*** Opening of RAW DATA ***

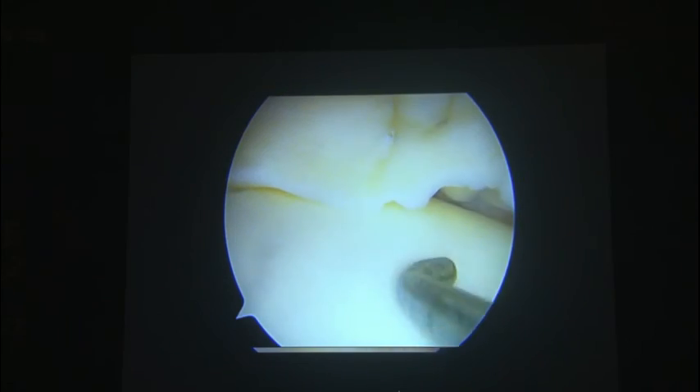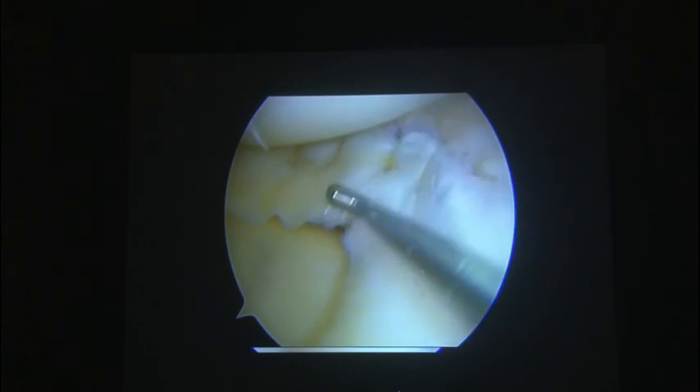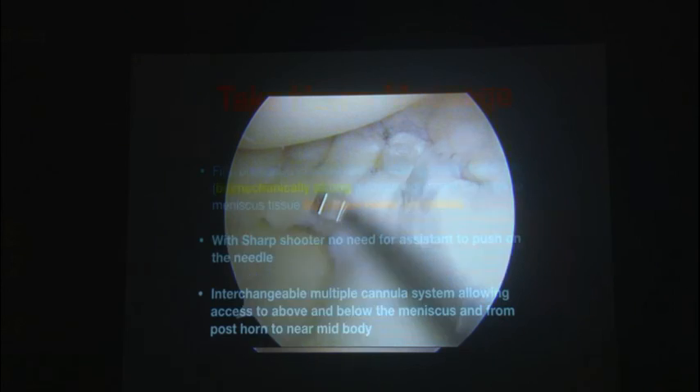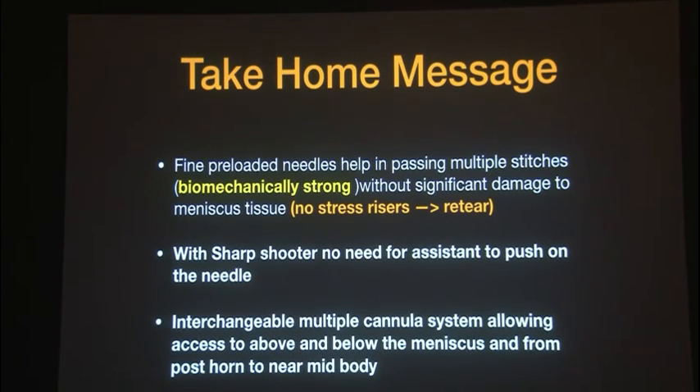Three to four stitches above and three to four stitches below gives you a stable repair. On the table itself, this knee has been moved to 90 degrees, so you are very sure that the patient can be mobilized to 90 degrees as early as possible. These patients do extremely well and achieve their range of motion very early. Take home message: use fine preloaded needles which are biomechanically strong and do not create stress risers, reducing the risk of re-tear. Whether it's the Sharpshooter or the Zone Navigator, any of these devices work very well. Use zone-specific cannulas to your advantage in the posterior horn and the mid body. Thank you.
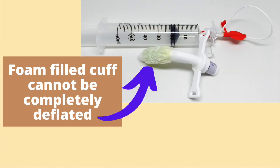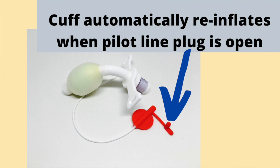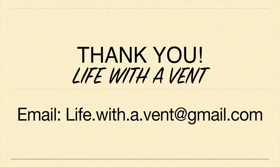A foam-filled cuff cannot be completely deflated. Foam-filled cuffs must not be used with speaking valves or for capping use. Additionally, there is a risk for spontaneous reinflation with a foam-filled cuff. Foam-filled cuffs are not frequently used; they are typically utilized in patients with known tracheal wall damage due to a tracheostomy tube cuff.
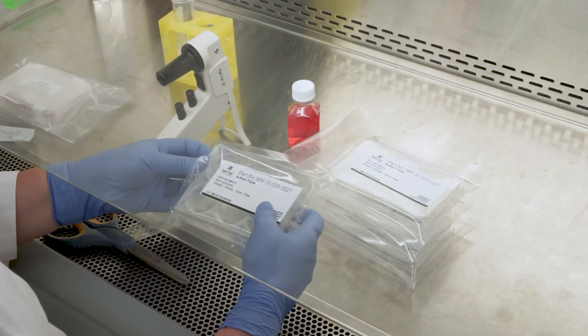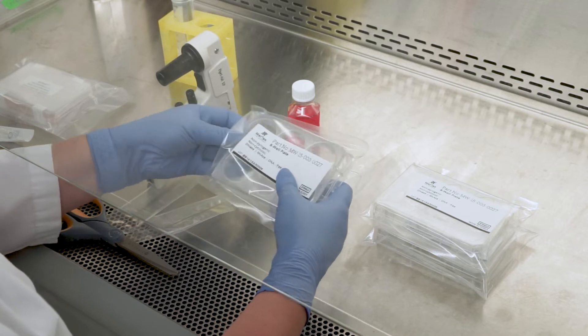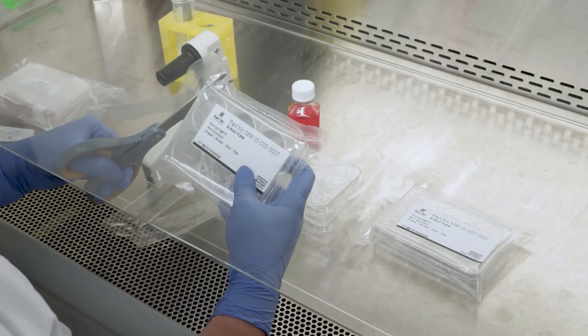Using sterile technique, place the assay medium and the four six-well plates in a tissue culture hood. Remove plastic wrapping from each of the six-well plates and label each plate accordingly, as you see fit.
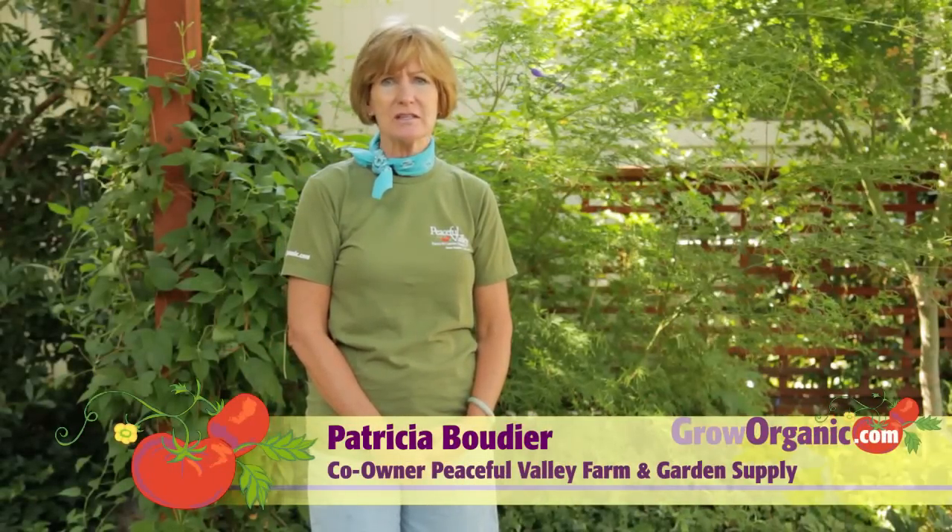Hi, I'm Trisha, an organic gardener. Mosquitoes can be a real problem in the summer. Besides being a nuisance, they can carry diseases like the West Nile virus. Today we're going to be talking about how to control these pests without the use of harmful chemicals or pesticides.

*** Close of RAW DATA ***

> [WHAT THE TASK REQUIRES]:
Once the pictures are set aside, output all of the data above verbatim.

> [YOUR RESPONSE]:
Three to four stitches above and three to four stitches below gives you a stable repair. On the table itself, this knee has been moved to 90 degrees, so you are very sure that the patient can be mobilized to 90 degrees as early as possible. These patients do extremely well and achieve their range of motion very early. Take home message: use fine preloaded needles which are biomechanically strong and do not create stress risers, reducing the risk of re-tear. Whether it's the Sharpshooter or the Zone Navigator, any of these devices work very well. Use zone-specific cannulas to your advantage in the posterior horn and the mid body. Thank you.
A foam-filled cuff cannot be completely deflated. Foam-filled cuffs must not be used with speaking valves or for capping use. Additionally, there is a risk for spontaneous reinflation with a foam-filled cuff. Foam-filled cuffs are not frequently used; they are typically utilized in patients with known tracheal wall damage due to a tracheostomy tube cuff.
Using sterile technique, place the assay medium and the four six-well plates in a tissue culture hood. Remove plastic wrapping from each of the six-well plates and label each plate accordingly, as you see fit.
Hi, I'm Trisha, an organic gardener. Mosquitoes can be a real problem in the summer. Besides being a nuisance, they can carry diseases like the West Nile virus. Today we're going to be talking about how to control these pests without the use of harmful chemicals or pesticides.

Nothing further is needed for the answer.